From the wise and venerable Seventh Circuit panel of William Bauer, John Tinder, and Diane Sykes, this lovely little nugget of Second Amendment jurisprudence!
Steven Skoien was accused of possessing a shotgun after having been convicted of misdemeanor domestic violence.
He appealed his conviction, arguing that the Second Amendment gives him the right to possess firearms, and a law that imposes a lifetime ban against the exercise of a constitutional right isn't proportional.

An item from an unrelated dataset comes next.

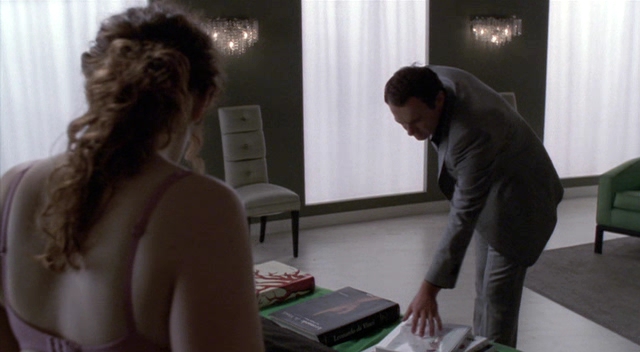 Charmed-Online-dot-NL-NipTuck3x11-1135.jpg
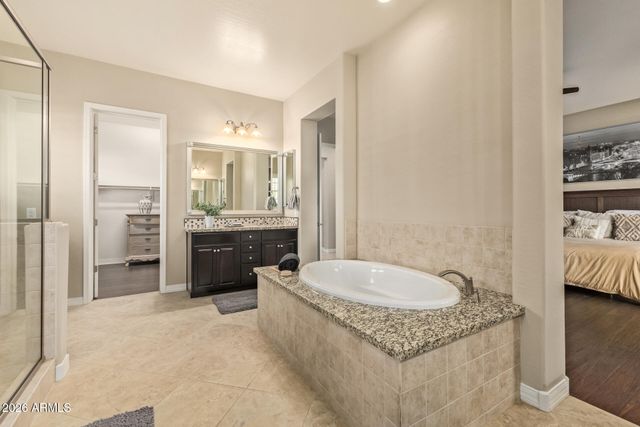 1566 E AQUARIUS Place, Chandler, AZ 85249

The Seventh Circuit agreed, holding that this law burdening the right o possess firearms should be analyzed under the intermediate scrutiny standard: Quote: The government has approached this case as though all it had to do to defend the constitutionality of § 922(g)(9) is invoke Heller’s language about certain “presumptively lawful” gun regulations—notably, felon-dispossession laws. Not so. Heller held that the Second Amendment secures an individual natural right to possess firearms for self-defense; the opinion’s reference to exceptions cannot be read to relieve the government of its burden of justifying laws that restrict Second Amendment rights. Although Heller did not settle on a standard of review, it plainly ruled out the deferential rational basis test; this leaves either strict scrutiny or some form of “intermediate” review. . . . ...we conclude that intermediate scrutiny applies to Skoien’s Second Amendment challenge to this § 922(g)(9) prosecution. The government has the burden of establishing a reasonable fit between its important interest in reducing domestic gun violence and the means chosen to advance that interest—§ 922(g)(9)’s total disarmament of domestic-violence misdemeanants. Accordingly, we vacate Skoien’s conviction and remand for further proceedings consistent with this opinion. If the government successfully discharges its burden, the district court shall reinstate Skoien’s conviction.
Seems very reasonable to me.
Hardly seems like a gun take away to me. Sounds like wise and thoughtful application of the Second Amendment to me.
Who would have thought, especially on Obama's watch.